FOMC議事録で膠着感を払拭できるか=外為どっとコム総研 ジェルベズ久美子

FOMC議事録で膠着感を払拭できるか
ドル/円相場は8月半ばに入り、97.00円前後では底堅さを保つ一方、上値は切り下げ傾向にある。株価睨みで動く展開が続いており、本日もアジア・欧州市場では同様の動きによって方向感が出にくい状態が続くと見ている。しかし、NY市場では7月の米連邦公開市場委員会(FOMC)の議事録が発表されるため、警戒が必要だ。
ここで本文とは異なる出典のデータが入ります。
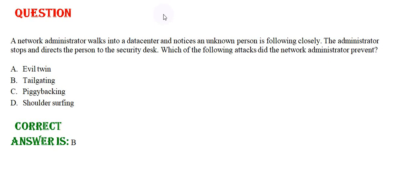Option A: Evil twin, Option B: Tailgating, Option C: Piggybacking, Option D: Shoulder surfing. The correct answer is Option B.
7月のFOMC声明では、9月FOMCでの量的緩和縮小スタートについてハッキリと示唆が無く、市場は様々な思惑が交錯する中で乱高下する結果となった。その後も、9月FOMCに向けたコンセンサス形成には至っていない。
そうした中で、本日の7月分のFOMC議事録から
(1)9月の量的緩和縮小スタートの可能性が高まるかどうか、
(2)9月スタートの場合、縮小ペースはどの程度になりそうか、
などを伺っていく展開になるだろう。

9月の緩和縮小開始の可能性が高まればドル高に振れる公算だが、一方で開始時期の先送りの可能性が高まったり、開始したとしても縮小ペースがゆっくりとしたものになりそうだと受け止められる内容なら、ドル安が進むと考えられる。
また、FOMCメンバーの意見が全くまとまりの無いものと受け止められれば乱高下する可能性もある。
そうした値動きの中で足元のレンジ(96.90円から20日移動平均線のある97.73円前後)の上限・下限をひっかければ、ストップを絡めながら急激かつ大幅な動きに発展することも有り得るため、リスク管理はしっかりと行いたい。